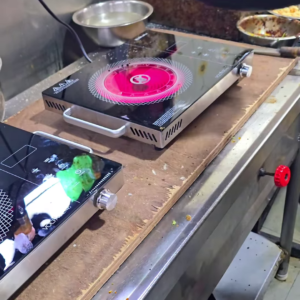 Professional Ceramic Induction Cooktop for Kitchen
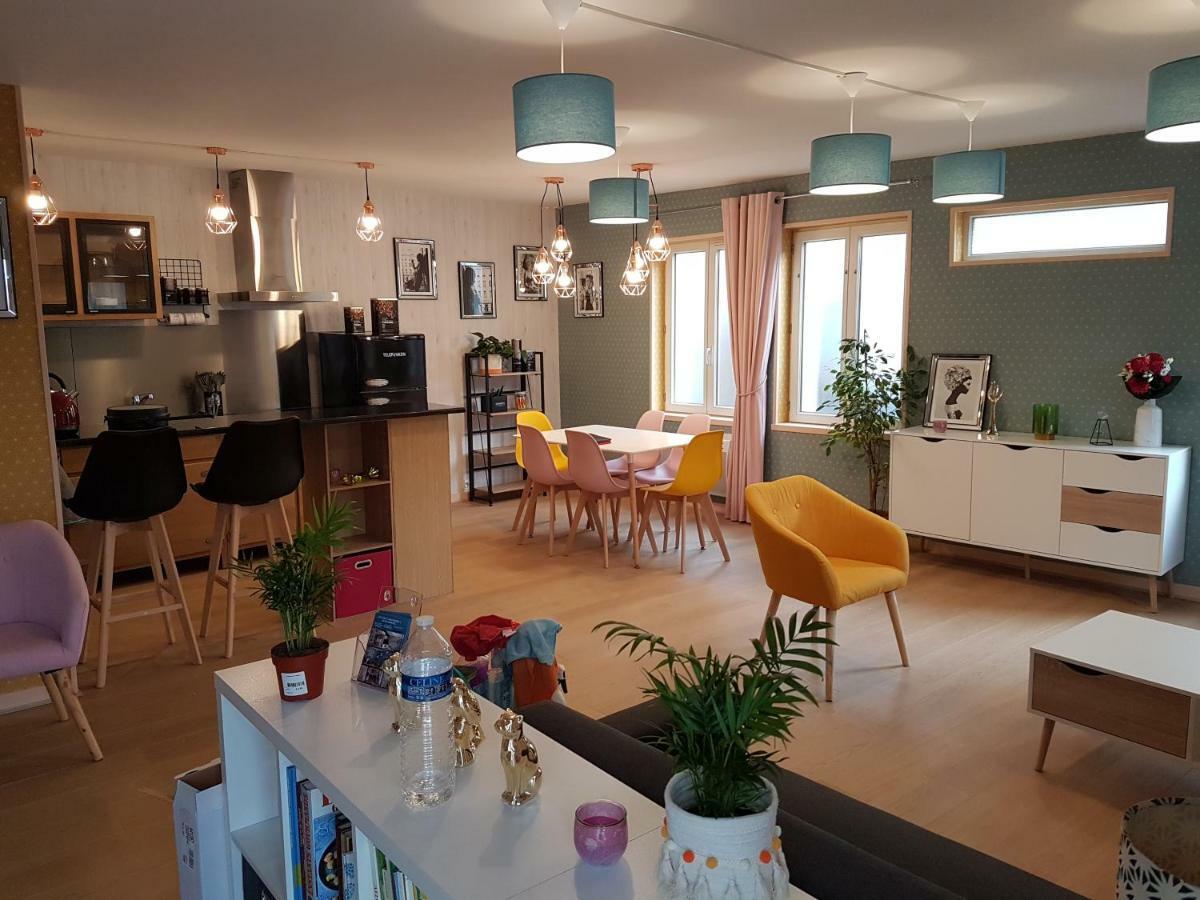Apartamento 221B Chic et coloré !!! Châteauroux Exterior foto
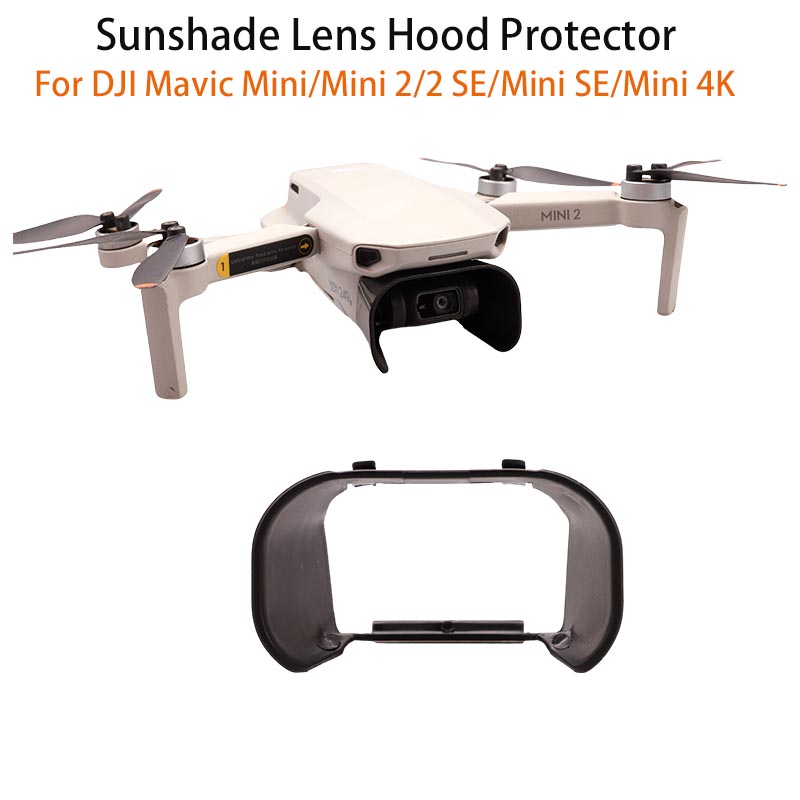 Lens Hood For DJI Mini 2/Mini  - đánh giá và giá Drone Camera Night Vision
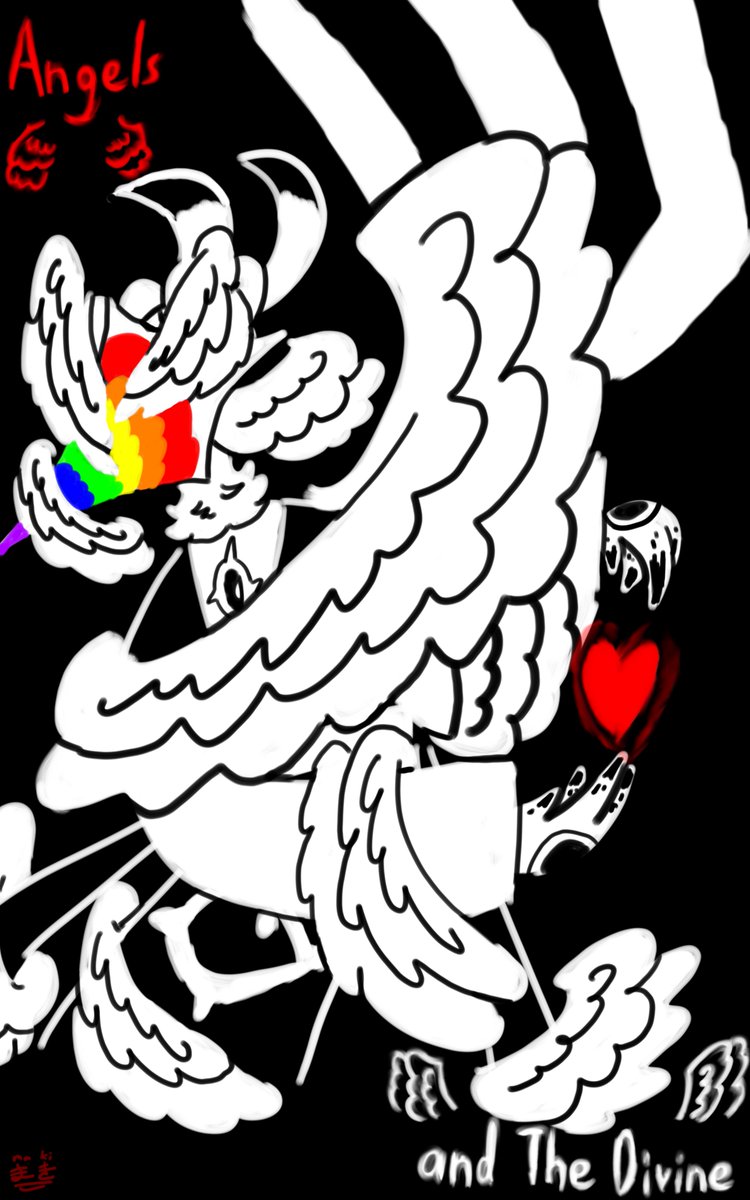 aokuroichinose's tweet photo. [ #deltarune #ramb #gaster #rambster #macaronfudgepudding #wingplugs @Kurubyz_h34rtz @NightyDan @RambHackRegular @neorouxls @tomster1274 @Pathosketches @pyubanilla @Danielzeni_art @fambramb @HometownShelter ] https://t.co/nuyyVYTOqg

---

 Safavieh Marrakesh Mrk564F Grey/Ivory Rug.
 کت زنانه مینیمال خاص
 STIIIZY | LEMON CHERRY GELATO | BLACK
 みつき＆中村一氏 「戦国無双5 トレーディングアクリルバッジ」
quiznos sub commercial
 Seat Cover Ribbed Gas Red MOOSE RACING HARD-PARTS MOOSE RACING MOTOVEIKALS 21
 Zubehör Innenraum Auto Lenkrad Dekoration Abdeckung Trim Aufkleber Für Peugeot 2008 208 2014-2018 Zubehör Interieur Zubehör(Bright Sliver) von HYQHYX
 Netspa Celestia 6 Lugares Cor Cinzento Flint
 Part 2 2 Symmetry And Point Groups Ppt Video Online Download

WORK INSTRUCTION: Using the data above, reproduce exactly the lines from the line that contains "quiznos sub commercial" through the line that contains "Part 2 2 Symmetry", including both.

ANSWER BELOW:
quiznos sub commercial
 Seat Cover Ribbed Gas Red MOOSE RACING HARD-PARTS MOOSE RACING MOTOVEIKALS 21
 Zubehör Innenraum Auto Lenkrad Dekoration Abdeckung Trim Aufkleber Für Peugeot 2008 208 2014-2018 Zubehör Interieur Zubehör(Bright Sliver) von HYQHYX
 Netspa Celestia 6 Lugares Cor Cinzento Flint
 Part 2 2 Symmetry And Point Groups Ppt Video Online Download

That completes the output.